Is it Too Late to Get into Bitcoin and Blockchain?

At Quora, I occasionally play, “Ask the expert”. Several hundred of my Quora answers are linked at the top right. Today, I was asked “Is it too late to get into Bitcoin and the Blockchain”.

A few other Bitcoin enthusiasts interpreted the question to mean “Is it too late to invest in Bitcoin”. But, I took to to mean “Is it too late to develop the next big application—or create a successful startup?”. This is my answer. [co-published at Quora]…


The question is a lot like asking if it is too late to get into the television craze—back in the early 1930s. My dad played a small role in this saga. He was an apprentice to Vladamir Zworykin, inventor of the cathode ray tube oscilloscope. (From 1940 until the early 2000s, televisions and computer monitors were based on the oscilloscope). So—for me—there is fun in this very accurate analogy…

John Logie Baird demonstrated his crude mechanical Televisor in 1926. For the next 8 years, hobbyist TV sets were mechanical. Viewers peeked through slots on a spinning cylinder or at an image created from edge-lit spinning platters. The legendary Howdy Doody, Lucille Ball and Ed Sullivan were still decades away.

The Baird Televisor, c.1936

But the Televisor was not quite a TV. Like the oscilloscope and the zoetrope, it was a technology precursor. Philo T. Farnsworth is the Satoshi Nakamoto of television. He is credited with inventing TV [photo below]. Yet, he did not demonstrate the modern ‘cathode ray’ television until 1934.

Farnsworth demonstrates TV

The first broadcast by NBC was in July 1936, ten years years after the original Baird invention. (Compare this to Bitcoin and the blockchain, which are only 7 years old).

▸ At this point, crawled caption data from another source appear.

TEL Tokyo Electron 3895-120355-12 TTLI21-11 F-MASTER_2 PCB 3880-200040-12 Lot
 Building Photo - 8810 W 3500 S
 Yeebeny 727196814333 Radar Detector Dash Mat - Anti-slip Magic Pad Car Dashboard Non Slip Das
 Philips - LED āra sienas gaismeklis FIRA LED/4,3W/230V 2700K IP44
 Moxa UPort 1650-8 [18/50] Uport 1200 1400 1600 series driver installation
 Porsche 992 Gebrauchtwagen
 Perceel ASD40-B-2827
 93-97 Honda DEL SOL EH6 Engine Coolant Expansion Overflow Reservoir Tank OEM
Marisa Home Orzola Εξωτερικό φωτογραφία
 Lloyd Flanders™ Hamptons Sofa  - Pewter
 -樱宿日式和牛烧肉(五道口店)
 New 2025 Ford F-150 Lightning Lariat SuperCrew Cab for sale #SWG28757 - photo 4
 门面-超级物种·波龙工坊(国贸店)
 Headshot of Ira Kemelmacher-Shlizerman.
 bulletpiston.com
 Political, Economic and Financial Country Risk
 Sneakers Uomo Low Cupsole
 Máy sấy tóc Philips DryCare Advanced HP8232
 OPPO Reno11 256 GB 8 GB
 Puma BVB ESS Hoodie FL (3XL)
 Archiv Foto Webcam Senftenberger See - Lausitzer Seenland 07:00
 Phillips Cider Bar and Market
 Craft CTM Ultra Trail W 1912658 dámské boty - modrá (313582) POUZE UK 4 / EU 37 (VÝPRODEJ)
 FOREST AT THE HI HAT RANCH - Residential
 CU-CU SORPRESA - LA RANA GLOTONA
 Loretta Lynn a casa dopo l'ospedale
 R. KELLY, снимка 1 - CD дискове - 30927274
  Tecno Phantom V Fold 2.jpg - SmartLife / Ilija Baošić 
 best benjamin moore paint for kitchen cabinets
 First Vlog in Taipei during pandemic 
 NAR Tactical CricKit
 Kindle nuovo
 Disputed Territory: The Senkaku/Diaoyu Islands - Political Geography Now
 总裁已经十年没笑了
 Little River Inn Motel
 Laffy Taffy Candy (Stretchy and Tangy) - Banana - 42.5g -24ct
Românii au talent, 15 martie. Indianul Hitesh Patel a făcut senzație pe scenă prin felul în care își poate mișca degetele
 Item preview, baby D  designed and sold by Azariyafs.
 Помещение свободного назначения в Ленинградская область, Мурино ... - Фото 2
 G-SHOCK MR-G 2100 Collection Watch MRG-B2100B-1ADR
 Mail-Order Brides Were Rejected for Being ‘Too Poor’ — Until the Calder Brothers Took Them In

Most early TV set brands died during the first 10 years of production: Who recalls Dumont, Andrea and Cossor? Those pioneering brands are a faint footnote to history! Bear in mind that this was all before anyone had heard of Lucille Ball, The Tonight Show or the Honeymooners. In the late 1950s, Rod Serling formed Cayuga Productions to film the Twilight Zone in New York. Hollywood had few studios for dramatic television production, and the west coast lacked an infrastructure for weekly episode distribution.

Through the 1950s (25 years after TV was demonstrated), there was no DVR, DVD or even video tape. Viewers at home watched live broadcasts at the same time as the studio audience.

The short answer to your question: No! It’s not too late to get into Bitcoin and the blockchain. In fact, we are in the very early era. The ship is just pulling into the dock and seats are mostly empty. The big beneficiaries of blockchain technology (application, consulting, investing or savings) have not yet formed their first ventures. Many of the big players of tomorrow have not yet been born.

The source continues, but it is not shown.